In a statement read out at the conference by Ms Nageen Hayat, the WAF said “violence against women, especially rape and so-called honour killing, is on the rise”.
She said two recent cases shocked the nation once again. In the first a 16-year-old girl was gang-raped and paraded naked in Habib Lebano village of Ghotki, and in the second, a divorced woman in her forties was stoned and clubbed to death with her male companion in Donga Bonga district of Bahawalnagar.
“This was just tip of the ice-berg as many such cases go unreported. In spite of the government’s assurances that the safety and dignity of women will be safeguarded, violence against women continues unabated and perpetrators continue to go unpunished.”
Ms Hayat said the WAF demanded the immediate repeal of all retrogressive legislation, including Hudood ordinances, Law of Evidence, Qisas and Diyat provisions, the blasphemy law and the Shariat Act which “mitigate the struggle for gender equality, social justice, human rights and peace”.
She invited all progressive and committed individuals and groups to jointly struggle for riding the society of bad laws, religious, ethnic and political prejudices, intolerance and strife, economic deprivation, oppressive socio-cultural norms and patriarchal customs.
She called upon the government to curb growing intolerance, extremist politico-religious elements and traditional power elites who attempt to hold Pakistan hostage.
Naeem Mirza, Director Legislative Watch Programme, Aurat Foundation Publication and Information Service, said the concerns of women were becoming mainstream concerns. He wanted substantive criminal justice reforms and alleged that the lower judiciary was corrupt “though not as much as the police was”.
He said “creating an island of women’s protection in the sea of dictatorship” would be meaningless.
All struggles for rights should be conducted in unison, not in isolation, he said. Mr mirza urged the women rights activists and all progressive forces to link their struggle with the movements of Hari (peasant) and bonded labour of Sindh and Okara farms.
He criticised the hypocrisy of the military rulers.
A student of Khaldunia High School recited her English poem on the occasion.
Along side the conference, the WAF had also organised a painting exhibition by renowned artist Qudsia Nisar. The abstract reality in Qudsia Nisar’s art becomes more intense than the physical reality, enhancing deeper aesthetic sensitivities, full of newness and universal appeal.
The participants praised Qudsia Nisar’s work as a foremost painter of abstraction in the medium of water colour and said she had given a new horizon to art in Pakistan.

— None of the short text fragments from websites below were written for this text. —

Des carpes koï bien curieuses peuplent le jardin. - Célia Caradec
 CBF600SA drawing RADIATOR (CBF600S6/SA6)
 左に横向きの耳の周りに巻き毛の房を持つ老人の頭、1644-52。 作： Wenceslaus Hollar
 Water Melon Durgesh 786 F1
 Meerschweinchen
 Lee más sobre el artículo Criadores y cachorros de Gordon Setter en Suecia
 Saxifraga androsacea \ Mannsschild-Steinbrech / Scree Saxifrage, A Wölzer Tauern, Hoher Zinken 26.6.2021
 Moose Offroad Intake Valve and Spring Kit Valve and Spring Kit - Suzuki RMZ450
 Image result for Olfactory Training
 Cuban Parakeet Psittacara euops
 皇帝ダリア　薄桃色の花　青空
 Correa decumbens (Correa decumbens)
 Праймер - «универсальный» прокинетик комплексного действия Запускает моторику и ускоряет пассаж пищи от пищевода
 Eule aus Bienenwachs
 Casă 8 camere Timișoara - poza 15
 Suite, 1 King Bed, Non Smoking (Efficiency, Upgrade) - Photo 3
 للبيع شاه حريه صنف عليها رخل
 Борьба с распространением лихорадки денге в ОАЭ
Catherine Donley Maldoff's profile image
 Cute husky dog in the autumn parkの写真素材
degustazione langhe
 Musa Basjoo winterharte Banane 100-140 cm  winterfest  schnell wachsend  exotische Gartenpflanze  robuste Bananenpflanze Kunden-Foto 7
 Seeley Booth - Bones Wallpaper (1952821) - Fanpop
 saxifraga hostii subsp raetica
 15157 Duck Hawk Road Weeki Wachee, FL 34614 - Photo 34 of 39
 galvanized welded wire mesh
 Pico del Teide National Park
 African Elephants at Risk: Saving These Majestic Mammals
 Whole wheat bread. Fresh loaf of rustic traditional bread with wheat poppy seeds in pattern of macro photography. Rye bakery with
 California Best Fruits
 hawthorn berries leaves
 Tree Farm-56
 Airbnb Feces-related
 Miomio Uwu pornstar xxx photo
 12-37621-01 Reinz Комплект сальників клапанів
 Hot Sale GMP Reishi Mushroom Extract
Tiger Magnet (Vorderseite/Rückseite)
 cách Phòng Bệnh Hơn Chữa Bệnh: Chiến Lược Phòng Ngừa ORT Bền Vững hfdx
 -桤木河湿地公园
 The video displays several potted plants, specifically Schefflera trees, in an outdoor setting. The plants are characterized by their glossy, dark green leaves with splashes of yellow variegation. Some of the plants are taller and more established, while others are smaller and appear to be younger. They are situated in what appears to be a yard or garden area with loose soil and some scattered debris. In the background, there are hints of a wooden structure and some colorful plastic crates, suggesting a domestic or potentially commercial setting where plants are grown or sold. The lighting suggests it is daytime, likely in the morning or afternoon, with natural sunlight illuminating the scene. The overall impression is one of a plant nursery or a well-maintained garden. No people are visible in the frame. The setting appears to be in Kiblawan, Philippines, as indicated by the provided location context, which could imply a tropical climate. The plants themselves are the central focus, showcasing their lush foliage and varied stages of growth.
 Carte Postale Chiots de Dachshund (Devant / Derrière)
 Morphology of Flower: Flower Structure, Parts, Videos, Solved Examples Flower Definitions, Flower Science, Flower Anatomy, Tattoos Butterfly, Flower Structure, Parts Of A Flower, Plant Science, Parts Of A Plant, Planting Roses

Qudsia Nisar is acknowledged as the country’s most high profiled artist in abstract art, with more than three decades of art achievement and experience to draw upon.
A mushaira was the last item on the agenda for the day. Poets including Kishwar Naheed, Shabnam Shakeel, Sarwat Mohiuddin, Abida Taqi and Rakhshanda Parveen enthralled the audience depicting the miseries, injustices of society and struggle of the women.